Back in August of 2015, a group of fellow riders and I headed out to Sturgis for the 75th celebrations. We choose to ride out the week before the actual rally due to traffic congestion and the amount of visitors that would soon flood this small town.
For most of us, this was our first time in Sturgis, first long distance ride and first time being out west. We chose to rent a house in Lead, South Dakota that was central to taking in plenty of adventurous miles with stunning destinations.
As a group we agreed on a few basic rules, one “never leave anyone behind”. Well, if you haven’t guessed it by now, that’s exactly what we did. We left our house one person short. The last person in our staging line was missing, the person in front of her thought she was staying behind with another fellow rider. We had one rider who saddled up with another person. However, the communication of this didn’t pass back to the last person who was in the house. We excitedly hopped on our bikes and started our ride. When we arrived at Spearfish Canyon and hoped off our bikes we realized we were down one person. Then the panic set in, “OMG, where’s Stephanie”. Yep, we were missing her and felt absolutely horrible….how could we have done that. Our leader rode our route backwards to the house searching for our lost companion. She was at the house waiting for us to realize our complete absent minded blunder.

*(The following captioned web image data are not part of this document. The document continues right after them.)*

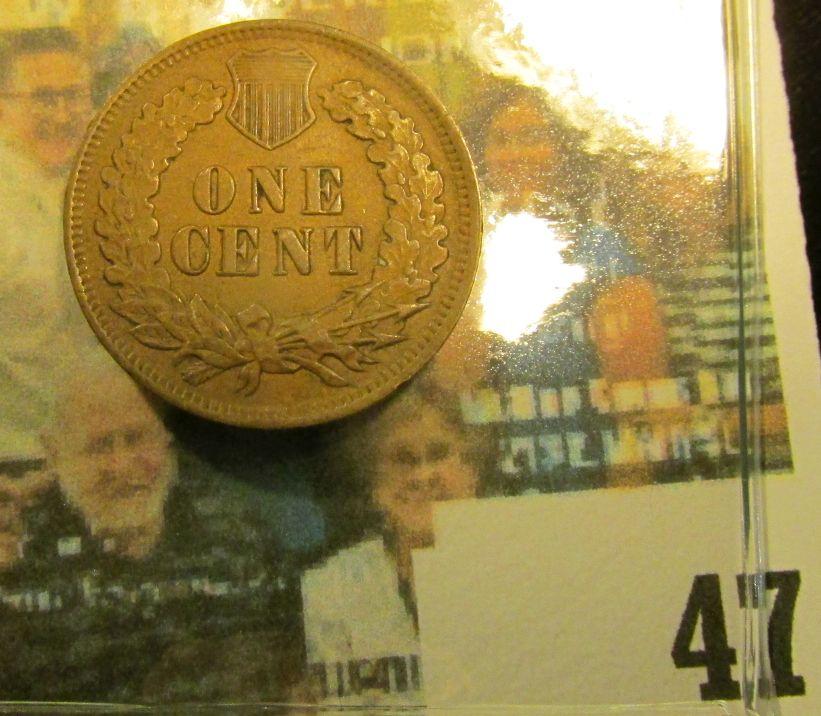 1905 Indian Head Cent, Nice Chocolate Brown AU.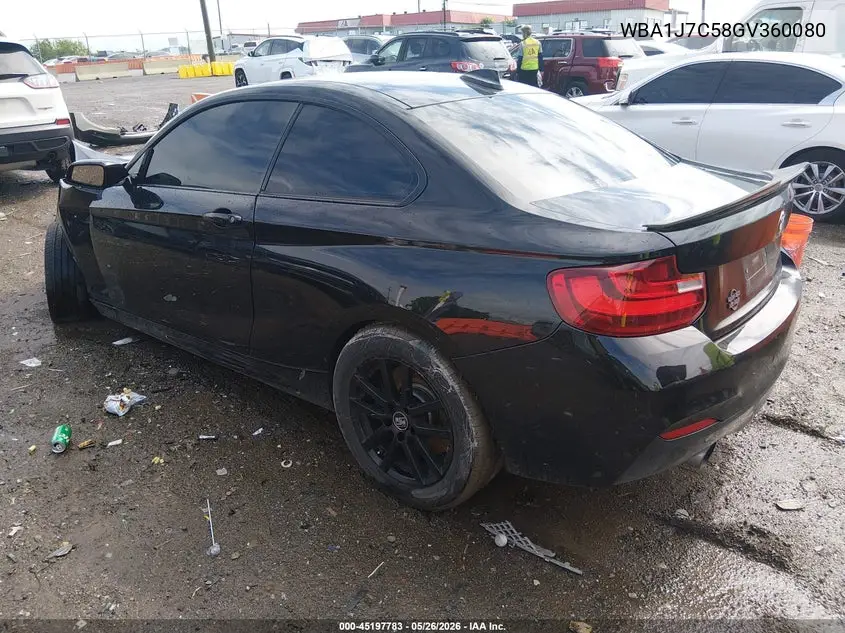 2016 BMW M235I VIN: WBA1J7C58GV360080 Lot: 45197783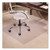 EverLife Moderate Use Chair Mat for Low Pile Carpet, Rectangular with Lip, 45 x 53, Clear [SKU: ESR128173]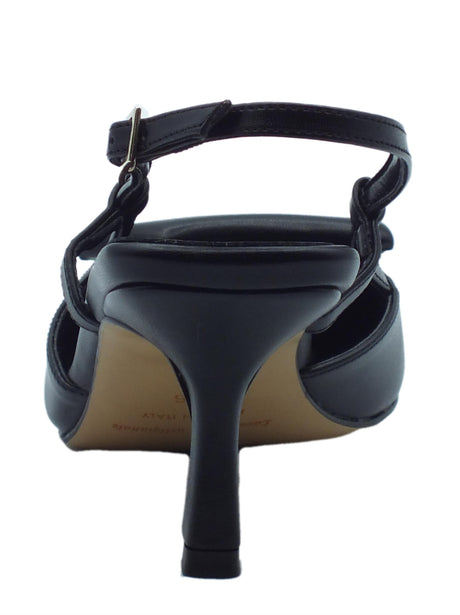 Nacrèe Nacrèe 396049 Cap Nero Sandali eleganti per donna tacco medio Nero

While our leader was rounding up our lost mate, the rest of us settled in at Spearfish Canyon. The group found shade from the sun and heat under the overlook deck, but one of us decided to be adventurous (me). It was going to be awhile before they returned so I decided that I was going to climb down the rock embankment, across the stream and through brush to get a better picture of the falls. I get down to the bottom underneath the overlook deck and see two people walking across the stream to get a better view of the waterfall. I am determined to get a better picture myself, but need some assistance to get across the stream. The fellow that had already crossed with his girlfriend comes back and says, “follow me”. He guides me across the stream and through the brush to get a close up shot of the waterfall. I turn around and he’s is GONE. What the heck, he’s already starting back up the rock embankment. Not only do I not know how to get back to the stream, I have no idea how to get back across the stream. I yell for them to come back and help me across, but he just shouts out a few words of encouragement. I do find my way back to the stream, eventually, but sure it’s not the way I went in. Crossing the stream is where I really get into trouble. I stick my phone in my pocket and camera in my bra and start to make my way across. Now mind you, by this time my group thinks this is hilarious, as I struggle not to fall into the stream. I manage to catch myself several times. Unknown to me, while I was trying to save myself, my camera fell into the stream. Luckily, some brave young boy went in and rescued the camera. I finished crossing the stream, soaked feet, a few laughs and awesome pictures. The morning ended on a happy note. We were re-united with our friend and I have awesome memories and photos.